I don't know how I'd missed reading Frank Collinson's "Life in the Saddle", but I had. The author left his middle-class family in England for Texas in 1872 at age 17 and his account of his experiences thereafter is probably unmatched, starting with his description of arriving in Galveston and boarding the train of the G.H.& S.A. Rwy. Co. that took him as far as Flatonia, which was then the end of the line, and traveling by wagon then to San Antonio.

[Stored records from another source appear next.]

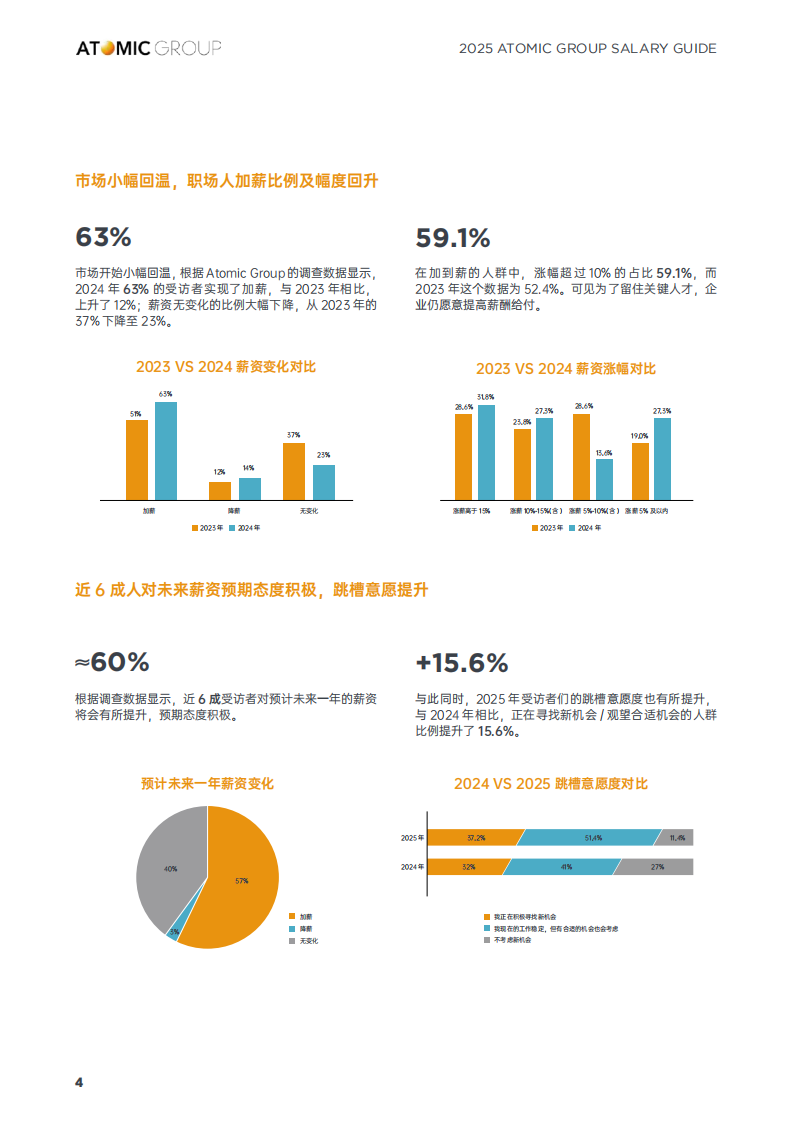 2025年人才趋势洞察及薪酬指南报告（英文） 第4页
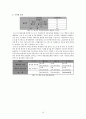 공장 및 설비계획설계 프로젝트 10페이지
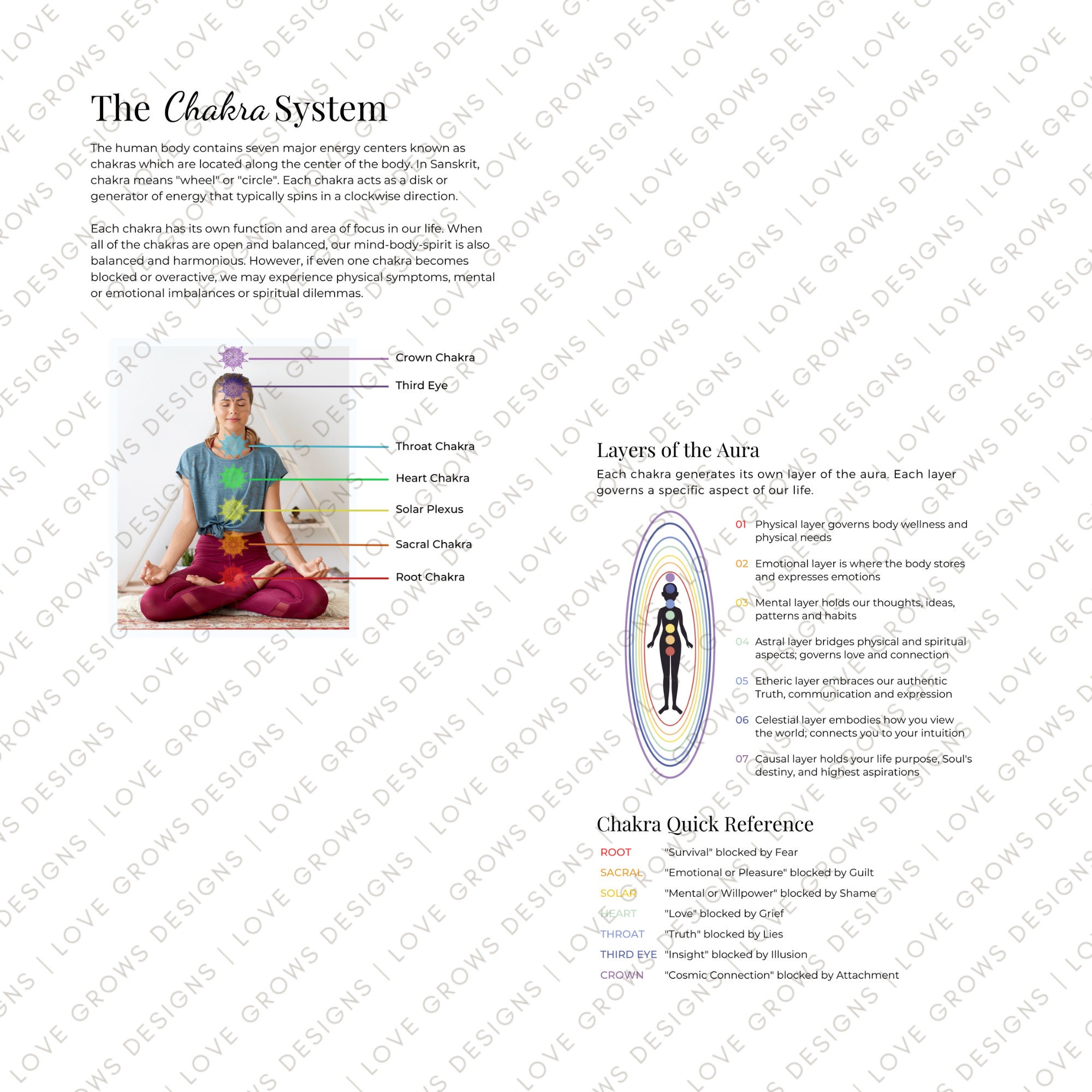 Chakra Healing Worksheets, Chakra Printable, Chakra Digital Downloads ...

My guess is that Larry McMurtry spun most of "Lonesome Dove" out of Collinson's stories. Here's a sample from Collinson, describing Fort Griffin in NW Texas ca. 1875:
"The buffalo hunters and the skinners, fresh from a womanless country farther west, flocked to Fort Griffin for a fling, their pockets bulging with money. Hardened surveyors and their assistants rode into town with compass and chain after locating countless sections of previously unappropriated land. Bullwhackers and sunburned, bewhiskered soldiers just returned from the indescribable hardships of a Staked Plain campaign with Mackenzie filled the barbershops for shaves and haircuts and hot baths in the tin tubs in the rear. Black sheep from prominent familiers elsewhere flocked to Fort Griffin to forget the past and begin life anew. Questionable women stayed in their shoddy rooms by day, but came boldly out at night when the fiddles began to play, flitting about the saloons, dance halls, and gambling dens like bright butterflies."
The relevance of this to land surveying is that Collinson gives an amazingly good description of frontier life in North and West Texas during the period when most of the land was surveyed off and so describes the circumstances within which the surveys were made. Of the Texas Surveyors, only T.U. Connelly and Lt. John L. Bullis are mentioned by name.
Do you have a hardcopy?
If so I hope it's graced with Bugbee's illustrations.
> Do you have a hardcopy?
>
> If so I hope it's graced with Bugbee's illustrations.
Yes, the copy I have is the hardback 1964 2nd printing. The illustrations, while well short of C.M. Russell quality, aren't bad.